This injects a proportion of real samples into training, preventing the downstream model from overfitting to synthetic distributions that might be overly modified by augmentation.

Loss & Training¶

Training utilizes the composite loss \(\mathcal{L}_{composite}\) to simultaneously update the augmentation generator and the downstream model in a single-stage, end-to-end manner. Diversity weights \(w_z\) and Gumbel-Softmax temperatures for each layer are all learnable parameters. During the testing phase, augmentation is disabled, and evaluation is conducted on original real data.

Key Experimental Results¶

Five major tasks: Classification (UEA 26 subset), Long-term Forecasting (ETT/Exchange/Weather), Short-term Forecasting (M4 6 subsets), Regression (UEA & UCR 6 subsets), Anomaly Detection (MSL/SMAP/SMD). Each task is validated with two types of downstream models to test generalization (e.g., TCN and ROCKET for classification, RNN and Autoformer for forecasting).

Main Results¶

Task	Downstream Model	Metric	NoAug	Prev. SOTA	Ours
Classification	TCN	Accuracy↑	0.685	A2Aug 0.709	0.730 (+6.7%)
Classification	ROCKET	Accuracy↑	0.686	A2Aug 0.704	0.721 (+5.2%)
Long-term Forecast	RNN	MSE↓	0.5408	Uniform. 0.4416	0.3968
Long-term Forecast	Autoformer	MSE↓	2.4274	A2Aug 2.0155	1.9098
Short-term Forecast	RNN	SMAPE↓	11.384	Trivial. 11.482	11.068
Regression	MLP	MSE↓	1.2937	A2Aug 1.2157	1.0350
Anomaly Detection	UNet	F1↑	0.6991	Uniform. 0.7171	0.7478
Anomaly Detection	VAE	F1↑	0.5592	Rand. 0.5610	0.5761

Radar charts (Figure 3) show that AutoDA-Timeseries covers the largest area across five tasks and is the only method to achieve optimal results on all tasks.

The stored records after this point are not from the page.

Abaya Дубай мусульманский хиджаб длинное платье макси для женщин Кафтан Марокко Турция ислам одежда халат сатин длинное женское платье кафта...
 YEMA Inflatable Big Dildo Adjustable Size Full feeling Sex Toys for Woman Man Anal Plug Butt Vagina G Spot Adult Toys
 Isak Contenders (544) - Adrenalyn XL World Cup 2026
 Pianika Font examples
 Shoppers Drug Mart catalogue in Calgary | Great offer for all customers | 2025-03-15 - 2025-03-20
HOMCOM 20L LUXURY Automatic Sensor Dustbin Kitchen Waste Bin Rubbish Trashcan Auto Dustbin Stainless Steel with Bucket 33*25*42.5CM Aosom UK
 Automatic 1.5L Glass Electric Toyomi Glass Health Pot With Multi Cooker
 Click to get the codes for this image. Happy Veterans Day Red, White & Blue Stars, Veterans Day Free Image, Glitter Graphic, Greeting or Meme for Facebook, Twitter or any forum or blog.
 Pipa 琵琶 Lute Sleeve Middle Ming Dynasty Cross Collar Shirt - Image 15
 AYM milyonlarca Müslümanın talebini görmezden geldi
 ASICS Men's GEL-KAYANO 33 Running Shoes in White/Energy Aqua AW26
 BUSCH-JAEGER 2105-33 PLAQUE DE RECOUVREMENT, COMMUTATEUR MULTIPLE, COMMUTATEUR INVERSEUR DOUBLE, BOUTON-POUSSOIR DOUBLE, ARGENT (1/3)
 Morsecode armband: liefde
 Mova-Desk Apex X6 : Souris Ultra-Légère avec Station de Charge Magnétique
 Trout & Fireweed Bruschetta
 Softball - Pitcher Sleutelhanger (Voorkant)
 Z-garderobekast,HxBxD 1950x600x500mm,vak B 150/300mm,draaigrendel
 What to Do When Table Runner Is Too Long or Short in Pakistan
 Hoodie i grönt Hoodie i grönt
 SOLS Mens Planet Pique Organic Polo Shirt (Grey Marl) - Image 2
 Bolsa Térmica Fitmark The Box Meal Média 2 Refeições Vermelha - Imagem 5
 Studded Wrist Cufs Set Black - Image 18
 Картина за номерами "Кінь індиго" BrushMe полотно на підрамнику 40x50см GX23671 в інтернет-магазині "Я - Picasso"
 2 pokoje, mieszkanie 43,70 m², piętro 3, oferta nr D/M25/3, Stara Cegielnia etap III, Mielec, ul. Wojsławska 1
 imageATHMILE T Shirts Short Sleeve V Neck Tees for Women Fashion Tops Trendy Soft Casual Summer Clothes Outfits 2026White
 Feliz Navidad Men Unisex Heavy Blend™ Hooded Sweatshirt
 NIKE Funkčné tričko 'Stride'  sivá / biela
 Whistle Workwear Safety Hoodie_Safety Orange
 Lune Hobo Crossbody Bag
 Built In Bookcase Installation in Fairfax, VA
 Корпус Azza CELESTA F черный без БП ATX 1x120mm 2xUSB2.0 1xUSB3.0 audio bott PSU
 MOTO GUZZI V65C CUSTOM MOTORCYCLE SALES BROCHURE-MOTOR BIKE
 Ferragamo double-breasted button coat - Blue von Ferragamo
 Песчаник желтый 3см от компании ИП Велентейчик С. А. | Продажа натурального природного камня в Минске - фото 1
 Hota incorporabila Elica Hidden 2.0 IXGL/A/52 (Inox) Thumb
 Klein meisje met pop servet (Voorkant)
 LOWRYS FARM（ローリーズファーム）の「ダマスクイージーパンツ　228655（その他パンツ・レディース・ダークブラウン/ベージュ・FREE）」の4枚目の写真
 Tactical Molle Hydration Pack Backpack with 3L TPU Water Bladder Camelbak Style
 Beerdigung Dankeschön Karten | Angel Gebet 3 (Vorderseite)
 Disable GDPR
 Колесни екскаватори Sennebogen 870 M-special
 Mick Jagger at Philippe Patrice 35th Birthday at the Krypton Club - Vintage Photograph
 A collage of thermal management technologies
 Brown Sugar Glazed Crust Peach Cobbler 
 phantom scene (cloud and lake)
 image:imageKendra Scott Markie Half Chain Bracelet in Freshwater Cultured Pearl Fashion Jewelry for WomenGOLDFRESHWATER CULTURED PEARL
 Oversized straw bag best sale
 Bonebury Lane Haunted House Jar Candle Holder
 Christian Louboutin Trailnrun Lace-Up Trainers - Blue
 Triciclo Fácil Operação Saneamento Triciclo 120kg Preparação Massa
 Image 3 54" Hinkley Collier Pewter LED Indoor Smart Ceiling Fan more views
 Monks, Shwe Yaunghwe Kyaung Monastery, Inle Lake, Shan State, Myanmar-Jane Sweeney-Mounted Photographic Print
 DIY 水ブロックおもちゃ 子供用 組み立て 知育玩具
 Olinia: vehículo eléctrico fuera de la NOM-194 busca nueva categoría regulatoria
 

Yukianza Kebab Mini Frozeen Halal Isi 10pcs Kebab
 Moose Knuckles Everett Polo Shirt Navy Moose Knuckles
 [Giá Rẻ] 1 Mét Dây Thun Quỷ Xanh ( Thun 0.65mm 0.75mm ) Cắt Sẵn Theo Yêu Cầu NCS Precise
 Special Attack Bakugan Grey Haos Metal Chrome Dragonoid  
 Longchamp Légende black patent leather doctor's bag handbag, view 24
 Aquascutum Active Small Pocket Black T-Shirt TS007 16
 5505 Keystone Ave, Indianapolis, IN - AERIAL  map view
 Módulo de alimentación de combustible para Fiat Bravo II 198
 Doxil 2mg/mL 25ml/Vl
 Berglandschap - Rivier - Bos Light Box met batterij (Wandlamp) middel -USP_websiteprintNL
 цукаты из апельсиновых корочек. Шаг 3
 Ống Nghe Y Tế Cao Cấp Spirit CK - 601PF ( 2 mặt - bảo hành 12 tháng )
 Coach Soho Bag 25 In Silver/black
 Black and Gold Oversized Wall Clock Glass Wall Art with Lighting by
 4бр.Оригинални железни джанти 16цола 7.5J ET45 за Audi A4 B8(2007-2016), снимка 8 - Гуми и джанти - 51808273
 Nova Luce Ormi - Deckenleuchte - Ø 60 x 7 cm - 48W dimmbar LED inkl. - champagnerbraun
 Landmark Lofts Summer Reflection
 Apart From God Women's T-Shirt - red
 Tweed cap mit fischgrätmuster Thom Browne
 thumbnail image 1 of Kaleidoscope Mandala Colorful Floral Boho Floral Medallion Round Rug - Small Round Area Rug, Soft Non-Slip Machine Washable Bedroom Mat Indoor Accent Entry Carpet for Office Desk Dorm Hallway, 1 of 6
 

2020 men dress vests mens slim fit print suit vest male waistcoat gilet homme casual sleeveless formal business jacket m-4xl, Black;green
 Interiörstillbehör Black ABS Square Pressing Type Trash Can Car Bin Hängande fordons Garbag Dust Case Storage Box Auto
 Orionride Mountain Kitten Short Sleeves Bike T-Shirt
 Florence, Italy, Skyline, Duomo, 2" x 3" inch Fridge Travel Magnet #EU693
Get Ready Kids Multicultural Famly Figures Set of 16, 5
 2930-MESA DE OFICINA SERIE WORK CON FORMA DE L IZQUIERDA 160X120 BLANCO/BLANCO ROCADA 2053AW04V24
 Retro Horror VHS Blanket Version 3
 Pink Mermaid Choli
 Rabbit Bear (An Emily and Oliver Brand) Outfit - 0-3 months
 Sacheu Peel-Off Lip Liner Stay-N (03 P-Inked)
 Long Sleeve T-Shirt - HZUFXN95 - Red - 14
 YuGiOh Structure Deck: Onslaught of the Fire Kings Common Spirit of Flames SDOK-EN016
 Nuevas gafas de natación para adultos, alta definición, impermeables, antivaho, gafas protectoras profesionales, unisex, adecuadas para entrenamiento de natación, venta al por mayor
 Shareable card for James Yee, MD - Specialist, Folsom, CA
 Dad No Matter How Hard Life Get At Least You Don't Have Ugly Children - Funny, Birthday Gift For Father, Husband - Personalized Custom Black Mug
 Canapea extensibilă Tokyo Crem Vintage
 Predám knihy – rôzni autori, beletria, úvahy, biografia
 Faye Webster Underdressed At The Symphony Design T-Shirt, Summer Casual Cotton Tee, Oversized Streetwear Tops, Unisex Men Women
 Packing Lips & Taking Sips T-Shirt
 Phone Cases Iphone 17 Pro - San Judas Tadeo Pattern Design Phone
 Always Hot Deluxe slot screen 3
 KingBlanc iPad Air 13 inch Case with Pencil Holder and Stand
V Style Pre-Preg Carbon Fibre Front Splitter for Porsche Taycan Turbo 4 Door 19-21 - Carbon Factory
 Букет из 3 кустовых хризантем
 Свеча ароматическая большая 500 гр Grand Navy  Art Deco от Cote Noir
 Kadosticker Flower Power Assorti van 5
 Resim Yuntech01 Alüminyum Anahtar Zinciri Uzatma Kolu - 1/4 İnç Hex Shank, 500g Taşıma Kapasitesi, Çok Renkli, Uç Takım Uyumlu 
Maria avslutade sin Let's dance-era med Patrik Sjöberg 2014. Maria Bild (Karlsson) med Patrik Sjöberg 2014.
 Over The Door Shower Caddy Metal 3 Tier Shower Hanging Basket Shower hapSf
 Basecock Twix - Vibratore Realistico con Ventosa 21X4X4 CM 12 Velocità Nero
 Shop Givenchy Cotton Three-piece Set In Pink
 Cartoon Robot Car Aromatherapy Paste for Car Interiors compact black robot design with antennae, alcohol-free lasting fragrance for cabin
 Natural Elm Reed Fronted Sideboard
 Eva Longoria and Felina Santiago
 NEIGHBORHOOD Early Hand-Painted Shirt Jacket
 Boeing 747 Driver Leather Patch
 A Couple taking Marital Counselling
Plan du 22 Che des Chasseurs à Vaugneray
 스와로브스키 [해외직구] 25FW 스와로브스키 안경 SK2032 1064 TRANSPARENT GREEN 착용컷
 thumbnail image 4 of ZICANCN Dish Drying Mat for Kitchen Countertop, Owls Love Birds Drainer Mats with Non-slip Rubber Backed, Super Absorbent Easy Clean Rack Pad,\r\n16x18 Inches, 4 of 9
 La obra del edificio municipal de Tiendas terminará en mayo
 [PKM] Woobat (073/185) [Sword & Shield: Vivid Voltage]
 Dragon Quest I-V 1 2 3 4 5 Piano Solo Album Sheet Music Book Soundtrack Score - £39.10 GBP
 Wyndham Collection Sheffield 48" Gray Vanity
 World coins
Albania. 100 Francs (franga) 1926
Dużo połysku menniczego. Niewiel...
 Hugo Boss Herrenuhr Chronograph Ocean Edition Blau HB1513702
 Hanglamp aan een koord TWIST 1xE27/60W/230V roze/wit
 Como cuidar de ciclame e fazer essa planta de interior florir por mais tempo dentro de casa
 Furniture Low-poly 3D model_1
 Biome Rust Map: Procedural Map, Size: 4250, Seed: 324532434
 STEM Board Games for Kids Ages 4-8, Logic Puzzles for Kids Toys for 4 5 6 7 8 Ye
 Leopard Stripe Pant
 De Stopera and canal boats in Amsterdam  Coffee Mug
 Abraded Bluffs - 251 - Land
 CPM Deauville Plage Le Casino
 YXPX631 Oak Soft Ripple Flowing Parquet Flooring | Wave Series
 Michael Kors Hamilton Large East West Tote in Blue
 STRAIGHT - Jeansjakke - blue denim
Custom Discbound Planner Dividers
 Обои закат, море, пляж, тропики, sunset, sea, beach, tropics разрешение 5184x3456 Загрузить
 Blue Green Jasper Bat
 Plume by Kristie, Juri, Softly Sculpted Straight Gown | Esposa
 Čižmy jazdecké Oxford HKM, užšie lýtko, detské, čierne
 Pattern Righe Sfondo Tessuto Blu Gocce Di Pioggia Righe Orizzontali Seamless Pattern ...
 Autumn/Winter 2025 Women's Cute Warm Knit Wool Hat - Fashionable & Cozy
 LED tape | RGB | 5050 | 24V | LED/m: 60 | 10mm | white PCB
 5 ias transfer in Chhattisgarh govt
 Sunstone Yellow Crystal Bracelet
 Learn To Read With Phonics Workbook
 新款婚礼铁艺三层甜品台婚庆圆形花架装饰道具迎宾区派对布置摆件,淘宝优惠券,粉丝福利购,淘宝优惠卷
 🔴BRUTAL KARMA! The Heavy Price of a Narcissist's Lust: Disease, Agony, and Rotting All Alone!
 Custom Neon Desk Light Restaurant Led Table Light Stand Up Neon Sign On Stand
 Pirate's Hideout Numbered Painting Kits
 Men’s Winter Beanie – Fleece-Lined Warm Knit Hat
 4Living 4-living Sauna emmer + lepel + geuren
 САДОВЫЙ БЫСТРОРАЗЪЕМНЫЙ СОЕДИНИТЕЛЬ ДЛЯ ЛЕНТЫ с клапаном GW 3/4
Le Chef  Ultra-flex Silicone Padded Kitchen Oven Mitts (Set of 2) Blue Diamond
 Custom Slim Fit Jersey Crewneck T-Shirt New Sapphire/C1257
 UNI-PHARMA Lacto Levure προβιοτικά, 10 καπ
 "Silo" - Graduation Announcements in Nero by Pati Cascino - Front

Observation	Data	Explanation
Direct transfer of Image AutoDA fails	RandAugment/Uniform/Trivial mostly yield negative gains	Validates the cost of "ignoring TS features"
Rep. learning is unstable	TS2Vec TCN Classification 0.584 (−14.8%), ROCKET 0.590 (−14.0%)	Severe performance drop due to decoupling and architecture mismatch
RNN suffers more than Autoformer	Rep. learning degrades more relatively on RNNs	Autoformer is better at absorbing learned representations

Key Findings¶

Feature conditioning is the root of effectiveness: catch22 feature space consistency analysis (Figure 6) shows that augmented data features are highly consistent with original data, proving the framework preserves essential temporal properties—directly supporting the "feature-conditioned" motivation.
Natural emergence of hierarchical roles: Bottom layers converge quickly (exploitation) while top layers maintain high entropy (exploration). Learnable temperatures allow this stable-diverse complementarity to emerge without manual tuning.
Sensitive tasks show greater advantages: Regression and anomaly detection are extremely sensitive to augmentation quality (improper transforms erase or fake anomalies). Ours remains dominant here, indicating that adaptive policies significantly enhance robustness.

Highlights & Insights¶

Explicitly elevating "TS Features" to conditional variables for policy: This is the fundamental difference from image AutoDA. Using a 24rd-dim statistical feature to drive MLPs for probability and intensity, and keeping it static to anchor global context, is a clean and transferable strategy.
Differentiable discrete augmentation selection: Gumbel-Softmax + stacked layers convert discrete "selection of transform sequences" into an end-to-end trainable process, avoiding the high costs of proxy models in AutoAugment and the proxy-downstream mismatch.
Composite loss with learnable weights: Using \(\frac{1}{2w^2}\mathcal{L}+\ln(1+w^2)\) to automatically balance task loss with diversity avoids manual weight tuning and is engineering-critical for the "one framework for five tasks" capability.
The pragmatic "Raw Bias" design: Falling back to original data with a certain probability is a simple but effective way to mitigate overfitting to synthetic distributions.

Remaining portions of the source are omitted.